Telling the tale of a small New England village that keeps to an annual and barbaric tradition called “the lottery”, it was considered so shocking that the publication received the most complaints it had ever received for a piece of fiction.
In an essay titled Biography of a Story years after, Jackson said this on its reception:
“Curiously, there are three main themes which dominate the letters of that first summer – three themes which might be identified as bewilderment, speculation, and plain old-fashioned abuse. […] The general tone of the early letters, however, was a kind of wide-eyed, shocked innocence. People at first were not so much concerned with what the story meant; what they wanted to know was where these lotteries were held, and whether they could go there and watch.”

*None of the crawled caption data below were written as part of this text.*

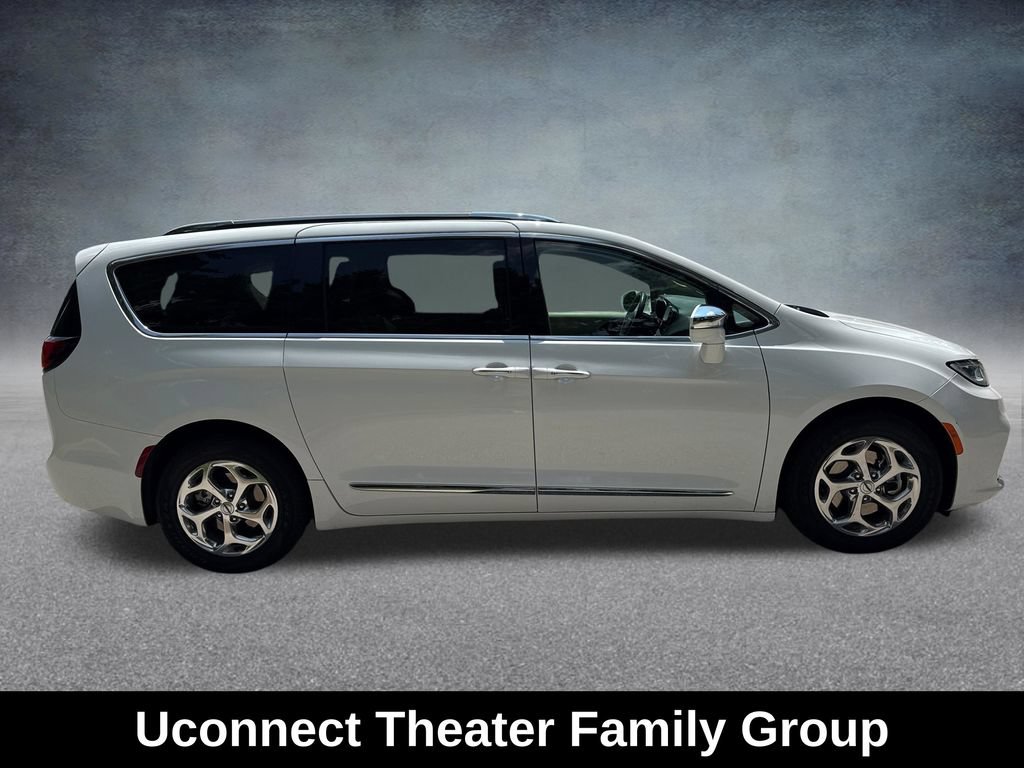 Used 2021 Chrysler Pacifica Limited w/ Uconnect Theater Family Group FWD image 8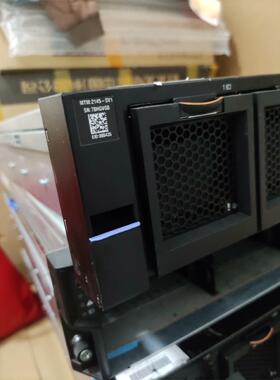 IBM 2145-SV1 01YM718 SAN Volum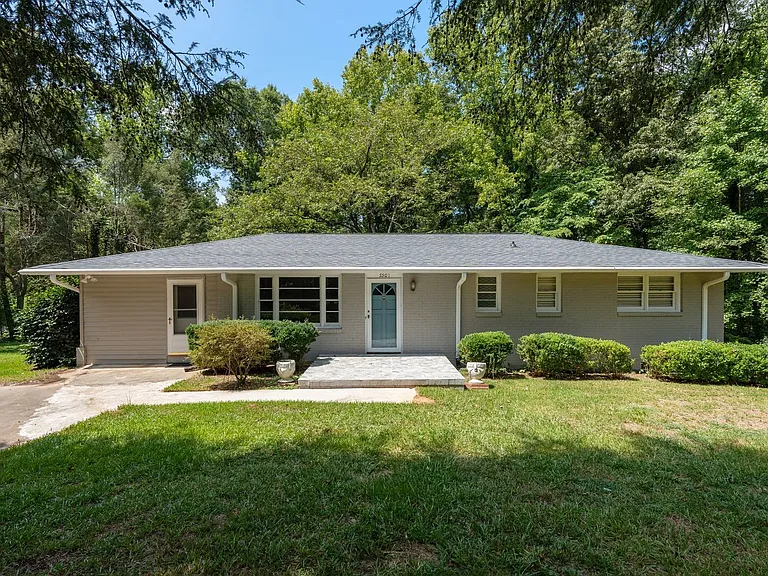 5501 Old Buncombe Rd — Photo 1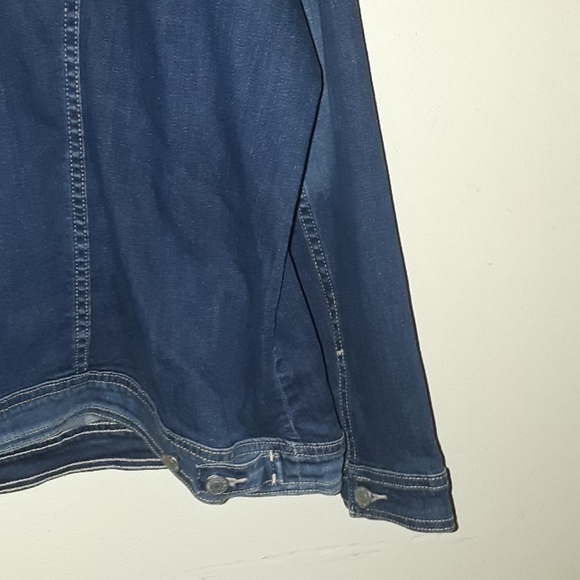 Old Navy Denim Jacket - Picture 4 of 7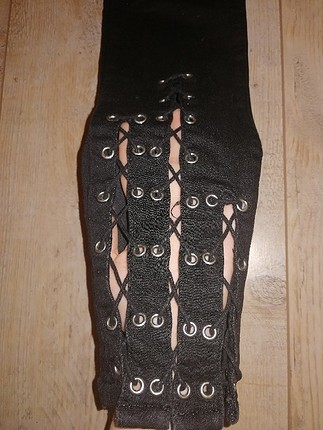 Diğer Paça kısımı bağcık modelli Siyah pantolon 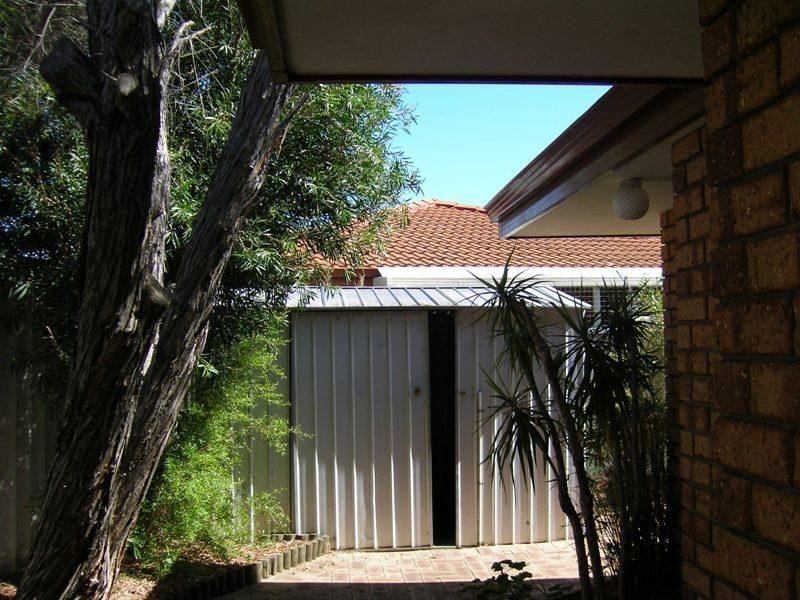 1/65 Amherst Road, Swan View WA 6056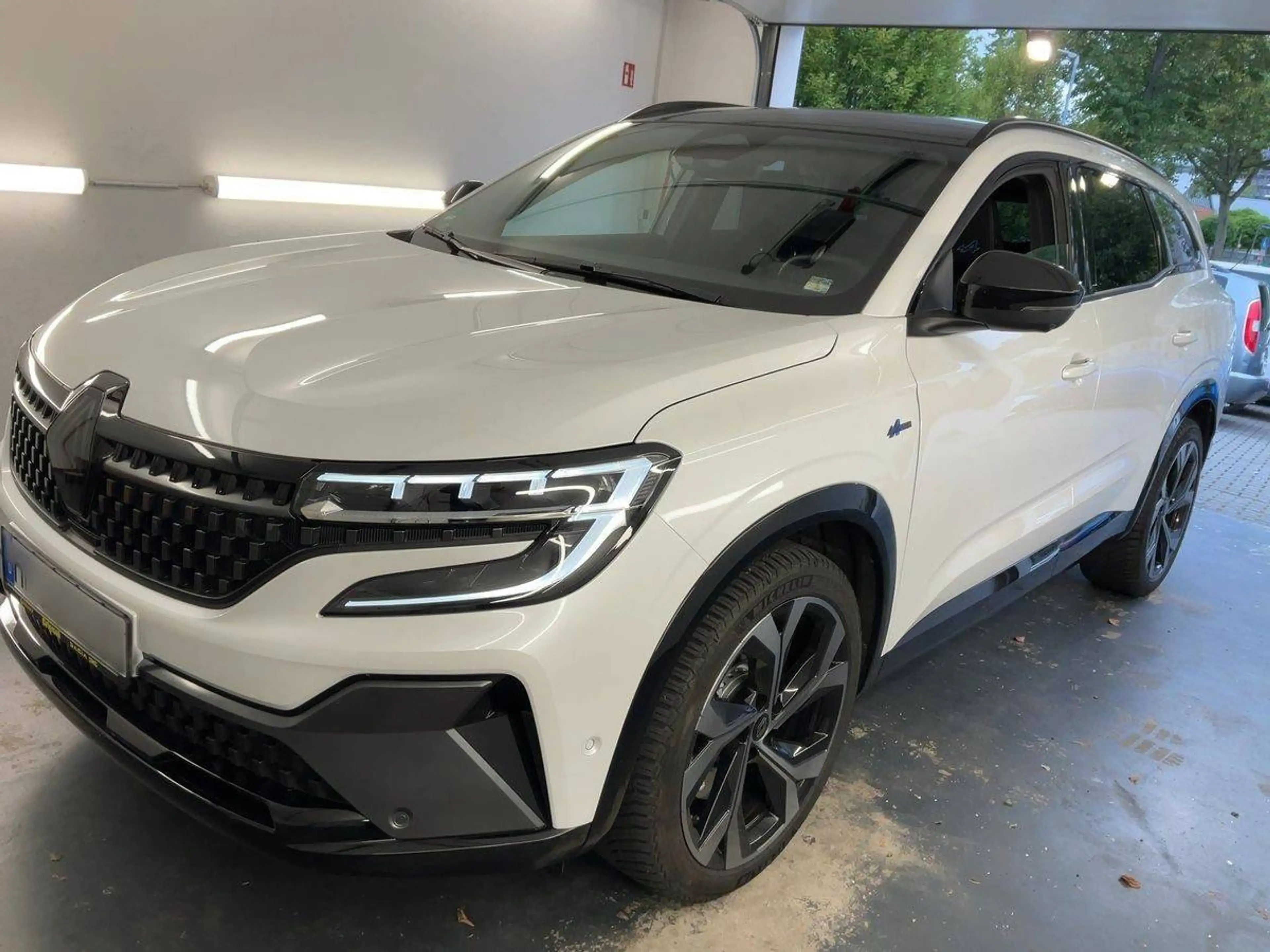 Renault Espace Esprit Alpine E-Tech Hybrid — photo 8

We Have Always Lived in the Castle
“We eat the year away. We eat the spring and the summer and the fall. We wait for something to grow and then we eat it.”
If there’s ever a book that captures feelings of isolation and fear of the outside world, it’s this one. In her later life, Jackson struggled with agoraphobia, suffering from a nervous breakdown. You can sense that struggle here.
As her final published novel, it tells the story of the Blackwood family, who live in a house cut off from the surrounding villagers. Aside from a weekly trip to get groceries, the Blackwoods live alone, tormented and judged by outsiders that hate them after a fatal poisoning left other members of the family dead.
This is my personal favourite, exploring family and loneliness in a way that’s as creepy as it is captivating.
The Haunting of Hill House
“Promise me absolutely that you will leave, as fast as you can, if you begin to feel the house catching at you.”
After reading about a group of people who rent a house to study the paranormal, Jackson wrote The Haunting of Hill House, about a collection of characters that stay at Hill House to help Dr. Montague confirm whether or not the mansion is haunted.
The narrative follows Eleanor who, alongside the rest of the group, experiences a number of strange and unexplainable events.
While these events are unsettling, the true horror is experiencing Hill House through Eleanor’s view of the world, seeing how her and the house interact, and trying to figure out what’s real and what’s going on inside her head.
Just An Ordinary Day
“Dinner had been good; Margaret sat with her book on her lap and watched her husband digesting, an operation to which he always gave much time and thought.”
There are several collections of short stories that have been released since Jackson’s passing. As the one I read most recently, it feels like Just An Ordinary Day should be the one to recommend.
It contains “tales of torment, psychological aberration, and the macabre,” many of which were discovered unpublished and uncollected by her children after her death.
There’s a lot of stories here but if you like subtle horror, familial tension, and moments that prompt you to look at the mundane through a new lens, you’ll find something to like.
Shirley Jackson: A Rather Haunted Life
“No writer since Henry James has been so successful in exploring the psychological reach of terror, locating in what we fear the key to unlock the darkest corners of the psyche.”
This isn’t written by Jackson but, if you want to learn more about her work, her life, and what influenced her, Ruth Franklin’s Shirley Jackson: A Rather Haunted Life is the place to start.
It offers a thorough look at Jackson’s contribution to “domestic horror”, the American Gothic, and the reality of being a woman with both a family and profession at that time in America.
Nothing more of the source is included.